John Medina/Getty Images

The mostly reunited Smashing Pumpkins recently sat down with Beats 1’s Zane Lowe to promote their forthcoming new album Shiny And Oh So Bright, Vol. 1 / LP: No Past. No Future. No Sun. In keeping with his commitment in doing the absolute most at all times, Pumpkins frontman and rescue cat enthusiast Billy Corgan, who conducted the interview with his sweatshirt’s hood pulled over his head, aired some old resentments regarding his estranged bandmate D’Arcy Wretzky and how the Pumpkins were never considered one of the “gliterati intellegensia” of the early ’90s alt scene.

After Lowe remarked that the story of the Smashing Pumpkins hasn’t been “a linear ride,” Corgan said that the band’s trajectory “wasn’t designed to be” before taking listeners on a journey through his meticulously crafted self-mythology.

“We made Gish which was at the time was the best-selling independent album of all time,” Corgan said. “We followed up with Siamese Dream, which pissed off all the Gish fans…because it wasn’t proggy or psychedelic enough. It was too poppy…It made us an international band, and what did we follow up with? A way darker, sprawling double album which went the complete Dark Side Of The Moon of the record we just made. We were never designed to stick in any one spot.”

Because the band never stayed married to one particular sound, Corgan reasons that they were never taken as seriously by the music press as some of their contemporaries.

“We’d go interview with NME and they’d make fun of us,” Corgan said. “We’d go interview with the New York Times and they’d make fun of us. We’d go interview with the Village Voice and they’d make fun of us and we’re like…we’re literally DIY musicians riding around in a van and this is the music we choose to play, and somehow it wasn’t indie enough and somehow it wasn’t cool enough and that steeled us to be a completely contrarian unit…now we were sort of angry.”

After mentioning a particularly spirited festival performance Lowe saw in the ’90s, Corgan discussed how he behaved antagonistically towards Lollapalooza 94 audiences he perceived as being full of jocks who made fun of him in high school.

“So okay, we’re headlining what became historically the biggest Lollapalooza ever. And there they are.
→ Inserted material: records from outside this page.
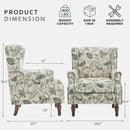 Lumibee Wingback Accent Chair,High Back Floral Armchairs in Fabric,Comfy Upholstered Reading Single Sofa Chair with Solid Wood Legs for Living Room,Bedroom,Office-Plants Beige by CozyNest Decor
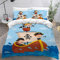 VASENA Bettwäsche Piratenschiff Bettwäsche 135x200 Kinder Sommerstrand Bettbezug Set Weich Microfaser Kinderbettwäsche 3 Teilig Mit ReißVerschluss Mit 2 Kissenbezug 80x80 cm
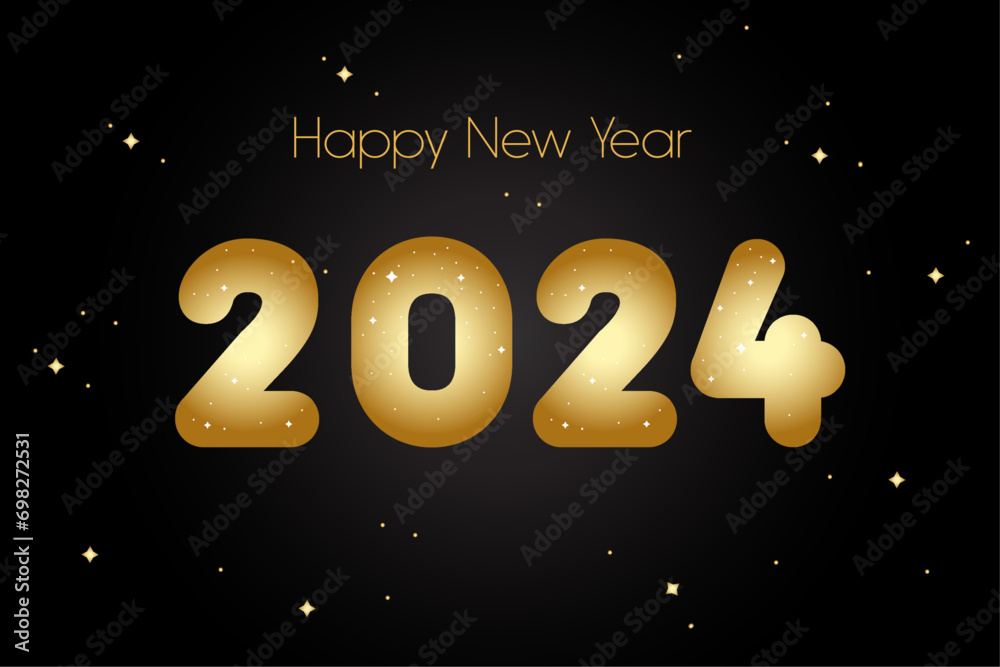 2024 New Year elegant card design featuring shiny glitter gold. Ideal for holiday greetings, invitations, and Christmas celebrations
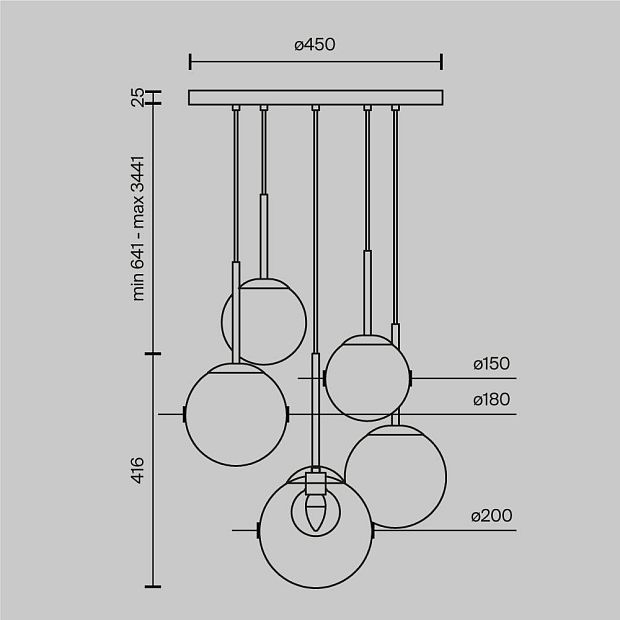 Подвесной светильник Basic form MOD521PL-05G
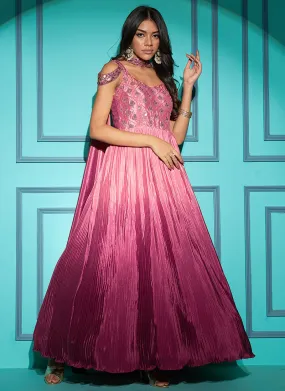 Pink Sequence Embroidery Ombré Kalidar Anarkali Gown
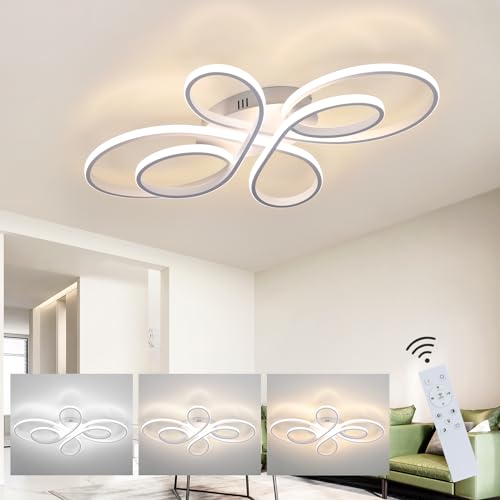 ZMH Deckenlampe LED Deckenleuchte Dimmbar - Wohnzimmerlampe 66cm Wohnzimmer 65W Modern Schlafzimmerlampe Schlafzimmer Weiß mit Fernbedienung Deckenbeleuchtung Groß für Esszimmer Büro Arbeitzimmer von ZMH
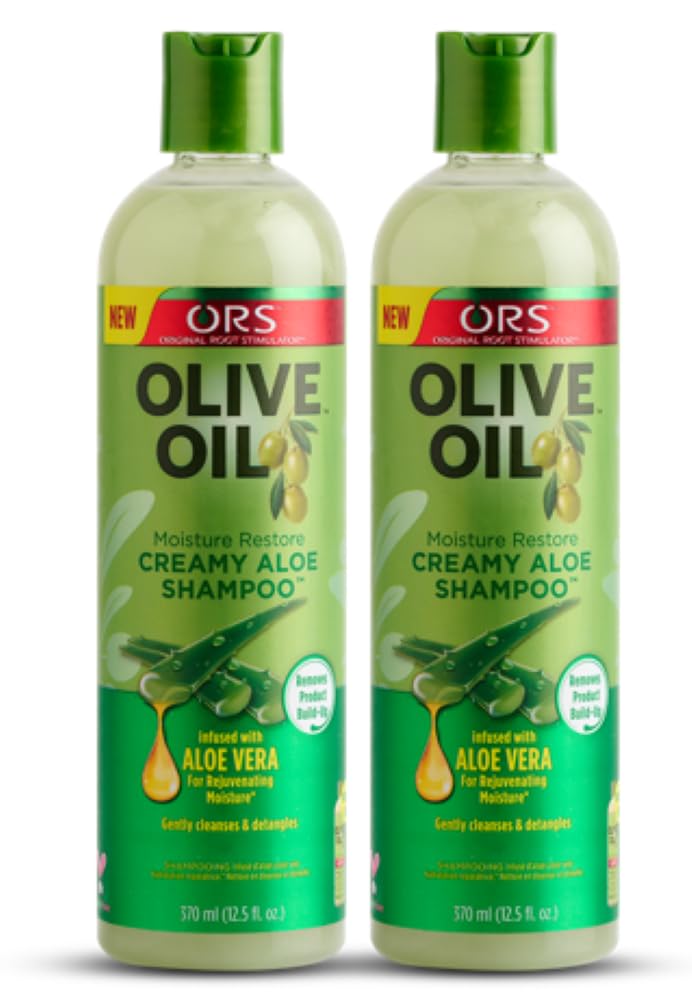 ORS Olive Oil Moisture Restore Creamy Aloe Shampoo Infused with Aleo Vera 12.5 Ounce (Pack of 2)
There are the same football players that used to bully us in the hallways….Every other band in my estimation, and I don’t mean to throw shade, this is the way I read it at the time because this is the mindset I was, everybody was cool with going along to get along. Because it was a wave, right? Let’s just ride this wave,” Corgan said. “I looked at it as like, no. You’re the enemy and we are here to take you on. And to this day, I still have people walk up to me at airports going, ‘man, I don’t know what that was about.’ There are people to this day, and again I usually meet them at airports, who refuse to ever see the band or listen to the band after that show. You’re talking about forty-three shows, one was cancelled due to rain. So forty-two times, I took the mic and went after that audience.”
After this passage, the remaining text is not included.